Today is the final day of Kwanzaa. This is the first year that I’ve broadly shared it and I feel like I need to clarify a few things.
First off, it’s not a new or trendy thing for me and my family. My Kwanzaa celebrations go way back. Personally, my family has not had the most boring year. My family has grown with a new baby. My husband and I both lost people close to us this year but we also are continuing to celebrate the wonderful times we spent with our family and friends. The circle of friends who comprise my village keeps growing wider and wider. For me, Kwanzaa is really about connecting with family so I feel like it’s a most appropriate tribute to share my family’s legacy with everyone.
The values of Kwanzaa are ones that I really want my son’s to have everyday. I want them to work together and have UNITY or teamwork whatever they choose to do. I want them to speak for themselves and choose their own paths with SELF-DETERMINATION. I want them to have FAITH in God. I want them to live in their PURPOSE. You get it? These are values that make strong people.

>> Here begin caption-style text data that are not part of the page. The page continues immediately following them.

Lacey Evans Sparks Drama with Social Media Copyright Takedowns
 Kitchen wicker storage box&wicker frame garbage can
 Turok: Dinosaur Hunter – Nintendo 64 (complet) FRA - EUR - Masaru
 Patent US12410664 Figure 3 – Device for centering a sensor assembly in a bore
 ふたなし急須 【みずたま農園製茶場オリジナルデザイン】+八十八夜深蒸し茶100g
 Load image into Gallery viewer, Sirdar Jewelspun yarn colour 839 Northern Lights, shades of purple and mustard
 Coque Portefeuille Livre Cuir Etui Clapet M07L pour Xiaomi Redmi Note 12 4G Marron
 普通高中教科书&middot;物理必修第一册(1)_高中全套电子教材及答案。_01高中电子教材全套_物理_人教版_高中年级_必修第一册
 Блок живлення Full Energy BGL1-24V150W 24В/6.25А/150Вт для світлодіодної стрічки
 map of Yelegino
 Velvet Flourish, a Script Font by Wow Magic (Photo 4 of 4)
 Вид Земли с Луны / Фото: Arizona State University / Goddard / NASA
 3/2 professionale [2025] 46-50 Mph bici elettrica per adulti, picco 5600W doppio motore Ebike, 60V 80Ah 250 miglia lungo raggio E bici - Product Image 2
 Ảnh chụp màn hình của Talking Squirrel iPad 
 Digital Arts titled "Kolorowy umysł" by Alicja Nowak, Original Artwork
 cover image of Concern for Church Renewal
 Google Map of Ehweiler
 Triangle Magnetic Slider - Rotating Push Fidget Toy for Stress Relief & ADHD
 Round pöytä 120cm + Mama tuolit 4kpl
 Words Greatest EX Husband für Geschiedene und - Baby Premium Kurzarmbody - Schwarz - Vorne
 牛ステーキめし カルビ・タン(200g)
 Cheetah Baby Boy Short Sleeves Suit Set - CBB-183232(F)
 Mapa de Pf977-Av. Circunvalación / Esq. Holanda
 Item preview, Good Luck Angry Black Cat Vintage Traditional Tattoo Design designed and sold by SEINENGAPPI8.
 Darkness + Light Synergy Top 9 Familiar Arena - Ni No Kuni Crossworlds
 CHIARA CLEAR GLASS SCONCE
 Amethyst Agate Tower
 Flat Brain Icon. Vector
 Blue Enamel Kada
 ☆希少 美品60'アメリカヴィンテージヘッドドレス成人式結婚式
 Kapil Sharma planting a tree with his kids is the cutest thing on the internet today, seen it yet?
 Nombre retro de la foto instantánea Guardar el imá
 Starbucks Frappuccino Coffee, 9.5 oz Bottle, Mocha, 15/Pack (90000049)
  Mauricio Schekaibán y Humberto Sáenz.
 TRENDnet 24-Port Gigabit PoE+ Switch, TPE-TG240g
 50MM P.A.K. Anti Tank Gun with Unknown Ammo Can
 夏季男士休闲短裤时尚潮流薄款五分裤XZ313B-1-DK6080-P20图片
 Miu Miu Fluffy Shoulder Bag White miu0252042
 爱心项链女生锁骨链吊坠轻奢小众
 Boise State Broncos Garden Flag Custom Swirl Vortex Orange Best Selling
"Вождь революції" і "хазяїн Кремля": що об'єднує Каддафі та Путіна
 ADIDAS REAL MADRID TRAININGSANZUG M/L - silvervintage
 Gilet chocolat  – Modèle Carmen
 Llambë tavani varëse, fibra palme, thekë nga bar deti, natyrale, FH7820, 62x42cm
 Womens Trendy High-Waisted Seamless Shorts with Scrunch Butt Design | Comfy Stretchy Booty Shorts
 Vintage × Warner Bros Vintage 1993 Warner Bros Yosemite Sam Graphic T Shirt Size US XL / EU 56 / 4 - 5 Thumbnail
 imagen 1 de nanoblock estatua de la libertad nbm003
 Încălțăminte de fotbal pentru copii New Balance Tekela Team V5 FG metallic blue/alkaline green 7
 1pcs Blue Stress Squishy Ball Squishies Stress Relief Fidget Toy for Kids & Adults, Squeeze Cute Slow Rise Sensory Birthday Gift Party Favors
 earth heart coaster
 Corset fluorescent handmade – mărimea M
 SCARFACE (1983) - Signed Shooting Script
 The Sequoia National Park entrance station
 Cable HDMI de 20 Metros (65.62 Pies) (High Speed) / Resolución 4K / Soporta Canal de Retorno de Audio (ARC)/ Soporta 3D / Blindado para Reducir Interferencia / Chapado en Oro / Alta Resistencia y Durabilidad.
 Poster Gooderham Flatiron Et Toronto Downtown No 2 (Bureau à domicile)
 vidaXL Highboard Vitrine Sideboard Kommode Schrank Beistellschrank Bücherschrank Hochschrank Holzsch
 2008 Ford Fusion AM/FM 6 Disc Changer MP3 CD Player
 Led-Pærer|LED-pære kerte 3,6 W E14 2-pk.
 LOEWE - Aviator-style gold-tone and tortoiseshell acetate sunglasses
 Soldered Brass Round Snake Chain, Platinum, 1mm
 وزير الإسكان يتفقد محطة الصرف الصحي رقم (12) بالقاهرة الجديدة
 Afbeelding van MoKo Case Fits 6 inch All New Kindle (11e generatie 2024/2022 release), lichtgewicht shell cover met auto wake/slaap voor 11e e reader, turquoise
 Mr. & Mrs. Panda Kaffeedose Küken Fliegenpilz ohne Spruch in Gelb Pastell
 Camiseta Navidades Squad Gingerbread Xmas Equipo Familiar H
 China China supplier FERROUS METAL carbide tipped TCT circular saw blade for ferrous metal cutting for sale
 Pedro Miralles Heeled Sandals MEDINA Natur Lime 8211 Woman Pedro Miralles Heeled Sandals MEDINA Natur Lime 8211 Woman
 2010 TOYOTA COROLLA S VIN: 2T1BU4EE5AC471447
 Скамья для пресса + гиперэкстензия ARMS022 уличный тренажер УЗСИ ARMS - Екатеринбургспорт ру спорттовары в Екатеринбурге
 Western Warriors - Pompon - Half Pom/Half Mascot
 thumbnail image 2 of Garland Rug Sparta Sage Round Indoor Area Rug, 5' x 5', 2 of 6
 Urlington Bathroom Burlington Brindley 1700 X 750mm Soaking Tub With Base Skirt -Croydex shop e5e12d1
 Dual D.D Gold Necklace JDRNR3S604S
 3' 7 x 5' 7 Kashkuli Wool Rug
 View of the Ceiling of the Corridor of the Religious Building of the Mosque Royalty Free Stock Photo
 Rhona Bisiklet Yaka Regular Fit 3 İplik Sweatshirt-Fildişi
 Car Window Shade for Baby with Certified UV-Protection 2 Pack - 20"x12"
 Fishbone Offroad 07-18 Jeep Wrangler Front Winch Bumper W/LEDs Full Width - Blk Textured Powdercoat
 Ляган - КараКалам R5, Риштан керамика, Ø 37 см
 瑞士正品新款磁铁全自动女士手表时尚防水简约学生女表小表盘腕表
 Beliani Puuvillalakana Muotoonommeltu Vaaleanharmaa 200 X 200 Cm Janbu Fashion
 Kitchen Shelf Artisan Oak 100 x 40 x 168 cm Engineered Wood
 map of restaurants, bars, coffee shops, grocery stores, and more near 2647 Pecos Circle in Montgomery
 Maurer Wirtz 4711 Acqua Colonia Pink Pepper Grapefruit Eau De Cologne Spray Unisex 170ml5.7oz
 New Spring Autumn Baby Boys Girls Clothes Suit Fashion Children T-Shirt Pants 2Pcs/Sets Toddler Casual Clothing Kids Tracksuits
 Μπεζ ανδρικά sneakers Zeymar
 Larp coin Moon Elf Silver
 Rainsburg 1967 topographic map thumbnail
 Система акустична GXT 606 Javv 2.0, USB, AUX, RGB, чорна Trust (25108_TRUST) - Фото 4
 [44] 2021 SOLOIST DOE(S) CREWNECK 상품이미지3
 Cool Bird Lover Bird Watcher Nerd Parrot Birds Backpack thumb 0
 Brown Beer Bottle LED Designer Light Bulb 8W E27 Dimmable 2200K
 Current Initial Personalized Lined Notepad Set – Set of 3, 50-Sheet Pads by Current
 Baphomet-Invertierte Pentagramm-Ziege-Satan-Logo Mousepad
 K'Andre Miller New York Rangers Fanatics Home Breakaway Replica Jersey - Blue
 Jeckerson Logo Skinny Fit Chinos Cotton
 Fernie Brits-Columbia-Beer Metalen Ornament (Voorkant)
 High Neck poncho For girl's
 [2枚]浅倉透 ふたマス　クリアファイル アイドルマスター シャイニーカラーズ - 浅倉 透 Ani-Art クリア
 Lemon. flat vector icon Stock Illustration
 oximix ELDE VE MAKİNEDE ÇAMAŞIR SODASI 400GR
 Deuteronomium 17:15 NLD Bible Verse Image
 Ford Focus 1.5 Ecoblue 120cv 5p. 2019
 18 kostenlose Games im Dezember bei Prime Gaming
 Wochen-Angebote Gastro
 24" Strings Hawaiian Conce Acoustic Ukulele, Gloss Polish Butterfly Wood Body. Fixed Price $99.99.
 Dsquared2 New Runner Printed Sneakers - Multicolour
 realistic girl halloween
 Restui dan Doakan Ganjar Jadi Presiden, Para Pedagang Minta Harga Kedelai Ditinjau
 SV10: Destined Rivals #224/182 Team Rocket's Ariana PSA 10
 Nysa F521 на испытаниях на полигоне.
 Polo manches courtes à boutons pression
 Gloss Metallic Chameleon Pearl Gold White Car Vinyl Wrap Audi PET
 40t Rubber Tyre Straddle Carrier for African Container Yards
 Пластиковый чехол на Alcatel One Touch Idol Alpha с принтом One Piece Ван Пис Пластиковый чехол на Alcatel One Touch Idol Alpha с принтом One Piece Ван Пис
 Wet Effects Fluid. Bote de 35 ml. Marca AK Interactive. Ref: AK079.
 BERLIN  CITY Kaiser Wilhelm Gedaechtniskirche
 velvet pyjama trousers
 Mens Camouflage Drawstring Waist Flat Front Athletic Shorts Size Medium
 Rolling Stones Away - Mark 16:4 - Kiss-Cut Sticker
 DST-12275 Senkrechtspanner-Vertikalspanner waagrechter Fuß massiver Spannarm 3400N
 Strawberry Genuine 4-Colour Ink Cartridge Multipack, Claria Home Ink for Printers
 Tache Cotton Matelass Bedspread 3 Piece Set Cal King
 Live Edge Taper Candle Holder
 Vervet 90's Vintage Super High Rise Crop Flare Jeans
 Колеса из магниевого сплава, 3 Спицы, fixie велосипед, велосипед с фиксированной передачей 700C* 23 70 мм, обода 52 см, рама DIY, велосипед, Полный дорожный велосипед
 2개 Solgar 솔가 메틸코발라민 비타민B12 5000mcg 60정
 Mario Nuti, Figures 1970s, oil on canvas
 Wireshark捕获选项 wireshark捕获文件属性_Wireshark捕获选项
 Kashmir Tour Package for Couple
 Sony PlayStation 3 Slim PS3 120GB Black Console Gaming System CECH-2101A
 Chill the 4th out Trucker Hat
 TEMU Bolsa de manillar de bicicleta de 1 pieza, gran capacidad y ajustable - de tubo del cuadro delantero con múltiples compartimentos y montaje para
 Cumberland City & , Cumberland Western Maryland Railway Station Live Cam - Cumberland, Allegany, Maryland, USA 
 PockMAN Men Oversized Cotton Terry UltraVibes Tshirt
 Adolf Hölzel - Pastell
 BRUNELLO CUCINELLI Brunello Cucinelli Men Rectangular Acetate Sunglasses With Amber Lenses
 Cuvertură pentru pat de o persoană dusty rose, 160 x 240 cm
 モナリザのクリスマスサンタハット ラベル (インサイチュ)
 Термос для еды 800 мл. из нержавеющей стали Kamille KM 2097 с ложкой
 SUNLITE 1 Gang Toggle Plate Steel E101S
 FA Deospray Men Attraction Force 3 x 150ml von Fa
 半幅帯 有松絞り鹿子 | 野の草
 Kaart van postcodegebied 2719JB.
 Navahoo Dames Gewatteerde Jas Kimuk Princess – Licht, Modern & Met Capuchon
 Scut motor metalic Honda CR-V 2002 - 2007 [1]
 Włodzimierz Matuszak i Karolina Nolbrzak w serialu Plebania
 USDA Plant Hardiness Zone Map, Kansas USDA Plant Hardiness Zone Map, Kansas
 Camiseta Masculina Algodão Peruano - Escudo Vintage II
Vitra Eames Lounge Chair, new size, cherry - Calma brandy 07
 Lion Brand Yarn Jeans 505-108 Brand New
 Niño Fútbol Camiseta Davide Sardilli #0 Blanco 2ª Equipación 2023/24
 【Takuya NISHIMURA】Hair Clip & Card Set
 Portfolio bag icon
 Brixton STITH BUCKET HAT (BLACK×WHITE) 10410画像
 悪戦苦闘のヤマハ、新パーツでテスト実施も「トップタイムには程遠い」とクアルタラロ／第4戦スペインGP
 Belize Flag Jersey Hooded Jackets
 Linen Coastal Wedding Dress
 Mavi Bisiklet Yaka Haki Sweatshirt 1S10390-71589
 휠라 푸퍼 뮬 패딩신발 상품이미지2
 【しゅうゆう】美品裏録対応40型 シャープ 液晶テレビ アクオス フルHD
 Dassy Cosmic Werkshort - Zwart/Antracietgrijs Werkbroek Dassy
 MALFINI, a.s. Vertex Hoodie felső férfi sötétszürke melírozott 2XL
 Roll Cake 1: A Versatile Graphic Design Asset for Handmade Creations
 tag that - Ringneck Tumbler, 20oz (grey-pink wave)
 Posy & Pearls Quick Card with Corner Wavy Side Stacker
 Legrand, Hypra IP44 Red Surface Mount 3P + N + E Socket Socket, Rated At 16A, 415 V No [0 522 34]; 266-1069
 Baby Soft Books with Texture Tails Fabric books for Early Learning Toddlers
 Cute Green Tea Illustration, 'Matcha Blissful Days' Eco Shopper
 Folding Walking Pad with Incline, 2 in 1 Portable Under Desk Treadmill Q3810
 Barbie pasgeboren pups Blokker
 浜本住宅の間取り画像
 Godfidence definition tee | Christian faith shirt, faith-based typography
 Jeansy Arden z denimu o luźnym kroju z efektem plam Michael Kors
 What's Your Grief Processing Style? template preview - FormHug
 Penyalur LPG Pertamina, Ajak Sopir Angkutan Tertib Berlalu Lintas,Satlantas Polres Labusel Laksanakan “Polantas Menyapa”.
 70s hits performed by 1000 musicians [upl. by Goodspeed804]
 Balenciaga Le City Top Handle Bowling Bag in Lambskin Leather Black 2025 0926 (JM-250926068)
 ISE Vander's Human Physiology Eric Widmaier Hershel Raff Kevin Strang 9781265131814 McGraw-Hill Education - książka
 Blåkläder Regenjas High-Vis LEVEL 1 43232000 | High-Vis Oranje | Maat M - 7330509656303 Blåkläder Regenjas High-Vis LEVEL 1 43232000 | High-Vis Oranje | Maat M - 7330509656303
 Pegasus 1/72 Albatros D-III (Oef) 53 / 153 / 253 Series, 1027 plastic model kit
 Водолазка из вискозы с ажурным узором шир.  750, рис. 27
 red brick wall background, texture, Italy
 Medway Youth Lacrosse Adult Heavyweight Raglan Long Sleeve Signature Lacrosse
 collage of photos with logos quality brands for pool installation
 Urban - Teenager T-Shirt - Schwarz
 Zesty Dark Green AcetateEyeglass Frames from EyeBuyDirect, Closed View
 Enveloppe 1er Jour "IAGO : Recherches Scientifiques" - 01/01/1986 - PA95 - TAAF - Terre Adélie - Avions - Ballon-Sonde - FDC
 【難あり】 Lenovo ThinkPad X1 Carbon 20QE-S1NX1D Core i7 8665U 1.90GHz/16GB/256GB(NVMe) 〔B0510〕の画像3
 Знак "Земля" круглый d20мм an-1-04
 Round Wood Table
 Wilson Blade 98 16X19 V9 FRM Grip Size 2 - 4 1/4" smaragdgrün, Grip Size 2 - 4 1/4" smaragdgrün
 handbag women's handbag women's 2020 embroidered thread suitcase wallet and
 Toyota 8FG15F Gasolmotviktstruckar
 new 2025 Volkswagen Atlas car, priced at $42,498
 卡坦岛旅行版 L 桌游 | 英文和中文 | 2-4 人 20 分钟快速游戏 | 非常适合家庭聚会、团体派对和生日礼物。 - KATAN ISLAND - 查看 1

My village is a multi-racial one and I can’t celebrate it with cutting off certain members of my village. It is an African American holiday but just as Cinco de Mayo has been appropriated for everyone and St. Patrick’s Day is recognized beyond Irish communities, it’s okay for people of every race to recognize it. It doesn’t make you anything other than aware of the celebrations of your friends, the same way that Christian’s post “Happy Hanukkah to my friends who celebrate” messages. I don’t want my children to be set apart from their friends any more than his friend Charlie’s parents do when they send their son to Japanese school every Saturday. Charlie’s parents and I have both decided to make our cultural appreciation important for our sons.
My celebrating Kwanzaa doesn’t make me any different than I was last week. I have always identified as African American (as opposed to black and I can tell you why if you choose to know) and support Historically Black Colleges and Universities (I can tell you why again if you choose to know) like my alma mater of Spelman College. I’m still the same mommy blogger likes to talk about cool apps for getting my kids to brush their teeth, who went to BeachesMoms and is a mother to two black men. My family still rides the Pink Pig at Macy’s (because it is an Atlanta Christmas tradition!) and because my husband played the African drums at church that day, he happened to wear a dashiki.